Force intérimaire des Nations unies au Liban (FINUL) rappelle d’ailleurs que les soldats de la paix ont eux-mêmes été pris pour cible plus d’une demi-douzaine de fois alors qu’ils continuaient à surveiller et à rendre compte de la situation sur le terrain. Malgré cela, ils ont intensifié - dans la mesure du possible - diverses initiatives de soutien aux populations civiles locales ainsi qu’aux personnes déplacées à l’intérieur du pays.

De la remise en état des routes endommagées à la fourniture d’une assistance médicale et d’autres services essentiels, les soldats de la paix ont fait tout ce qu’ils pouvaient pour aider ceux qui ont continué à rester chez eux, ainsi que ceux qui ont été déplacés par le conflit.

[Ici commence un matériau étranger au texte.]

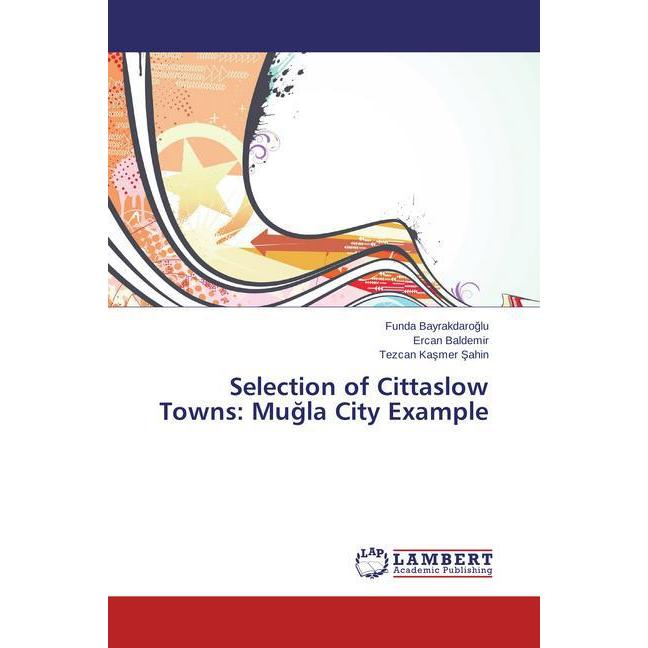 Selection of Cittaslow Towns: Mu la City Example, Fachbücher
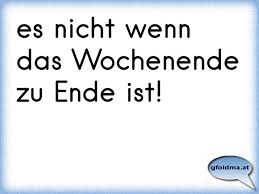 Es Nicht Wenn Das Wochenende Zu Ende Ist österreichische Sprüche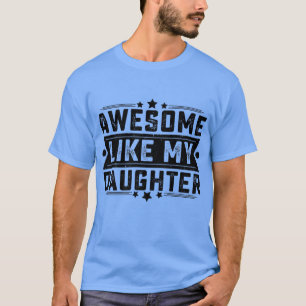 T-shirt COMME MA FILLE Funny Papa Blague Père D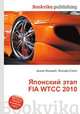 Японский этап FIA WTCC 2010, Джесси Рассел 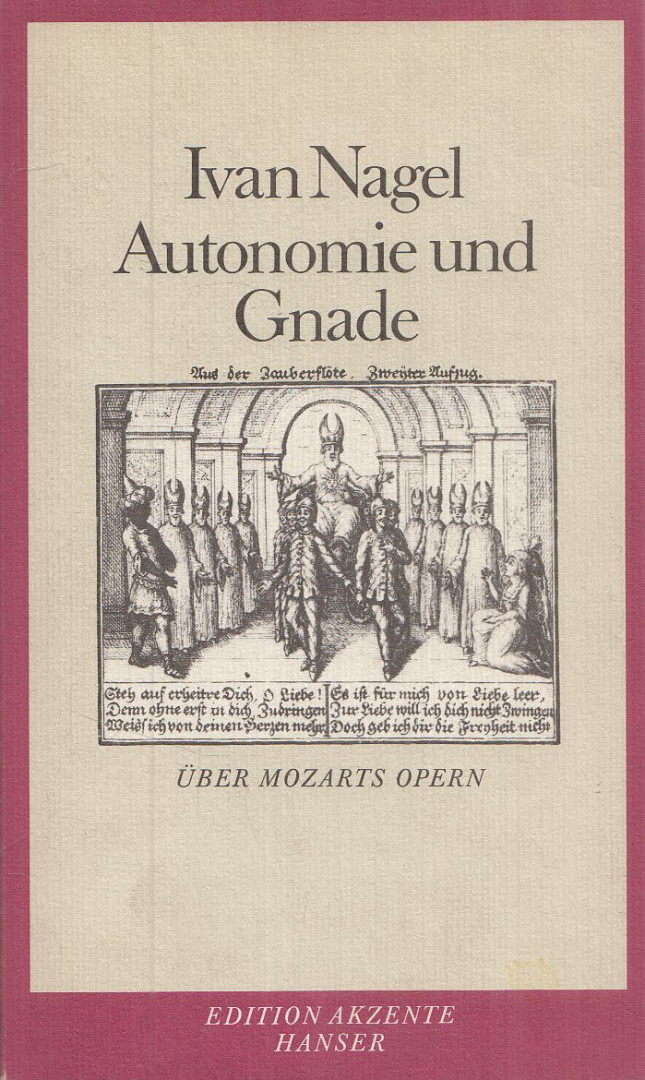 Ivan Nagel - Autonomie und Gnade (dedikált) [antikvár]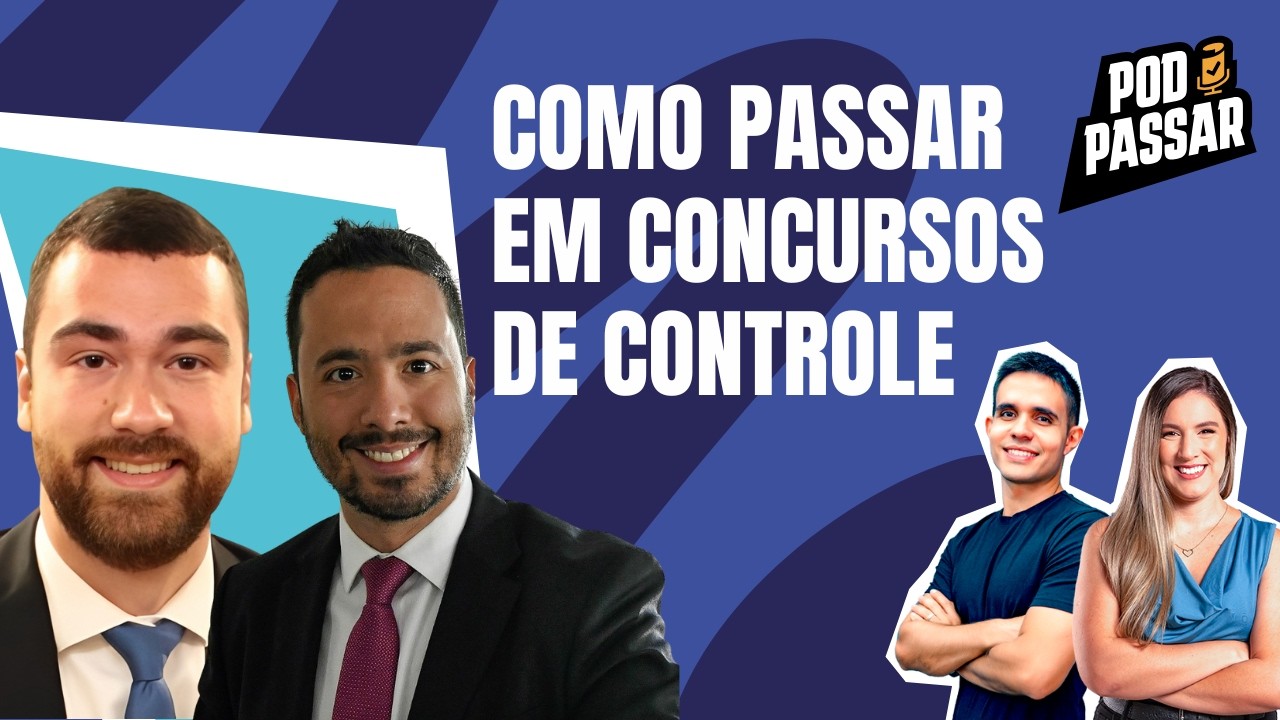 Como passar em concursos da área de CONTROLE? (Fábio Dáquilla e Daniel Rebelo) -  PodPassar #102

Entre le 23 septembre (date du début de l’escalade dramatique) et le 31 octobre, le service de liaison de la FINUL a facilité plus de 1.800 activités liées à la protection des civils libanais, notamment des journalistes et des secouristes, ainsi qu’à celle des forces armées libanaises et des biens de la FINUL.

« En raison des opérations menées par les FDI (Forces de défense israéliennes) au Liban, le service de liaison a dû s’adapter à la nouvelle situation et, bien que nous tenions les deux parties informées, le niveau d’interaction avec les FDI a considérablement augmenté afin de déconflictualiser les mouvements de la FINUL et de permettre l’évacuation des civils de certaines zones », a affirmé l’officier de liaison en chef de la FINUL, le colonel Olivier Waché.